(Task objective): Scan the records for the line containing "this 1349×896 image.". From there through the last line, write out each line exactly.

*** Records supplied ***

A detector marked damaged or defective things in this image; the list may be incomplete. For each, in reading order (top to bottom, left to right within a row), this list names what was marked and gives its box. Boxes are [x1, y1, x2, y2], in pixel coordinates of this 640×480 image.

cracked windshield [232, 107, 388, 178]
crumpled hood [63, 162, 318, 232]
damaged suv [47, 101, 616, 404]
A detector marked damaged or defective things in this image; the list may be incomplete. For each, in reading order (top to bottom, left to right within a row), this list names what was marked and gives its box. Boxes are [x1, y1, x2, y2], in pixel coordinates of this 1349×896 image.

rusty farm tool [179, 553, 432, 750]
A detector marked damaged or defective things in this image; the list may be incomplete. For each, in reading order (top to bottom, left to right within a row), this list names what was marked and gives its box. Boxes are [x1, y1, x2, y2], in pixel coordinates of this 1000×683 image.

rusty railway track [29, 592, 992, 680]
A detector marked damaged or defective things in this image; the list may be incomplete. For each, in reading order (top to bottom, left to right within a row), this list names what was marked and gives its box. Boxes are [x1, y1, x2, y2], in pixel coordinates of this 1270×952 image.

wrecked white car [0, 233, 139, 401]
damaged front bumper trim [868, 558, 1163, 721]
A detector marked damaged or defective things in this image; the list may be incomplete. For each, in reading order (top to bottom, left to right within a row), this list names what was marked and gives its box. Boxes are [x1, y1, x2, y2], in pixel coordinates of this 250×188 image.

***

(Exercise output):
A detector marked damaged or defective things in this image; the list may be incomplete. For each, in reading order (top to bottom, left to right within a row), this list names what was marked and gives its box. Boxes are [x1, y1, x2, y2], in pixel coordinates of this 1349×896 image.

rusty farm tool [179, 553, 432, 750]
A detector marked damaged or defective things in this image; the list may be incomplete. For each, in reading order (top to bottom, left to right within a row), this list names what was marked and gives its box. Boxes are [x1, y1, x2, y2], in pixel coordinates of this 1000×683 image.

rusty railway track [29, 592, 992, 680]
A detector marked damaged or defective things in this image; the list may be incomplete. For each, in reading order (top to bottom, left to right within a row), this list names what was marked and gives its box. Boxes are [x1, y1, x2, y2], in pixel coordinates of this 1270×952 image.

wrecked white car [0, 233, 139, 401]
damaged front bumper trim [868, 558, 1163, 721]
A detector marked damaged or defective things in this image; the list may be incomplete. For each, in reading order (top to bottom, left to right within a row), this list names what was marked and gives its box. Boxes are [x1, y1, x2, y2], in pixel coordinates of this 250×188 image.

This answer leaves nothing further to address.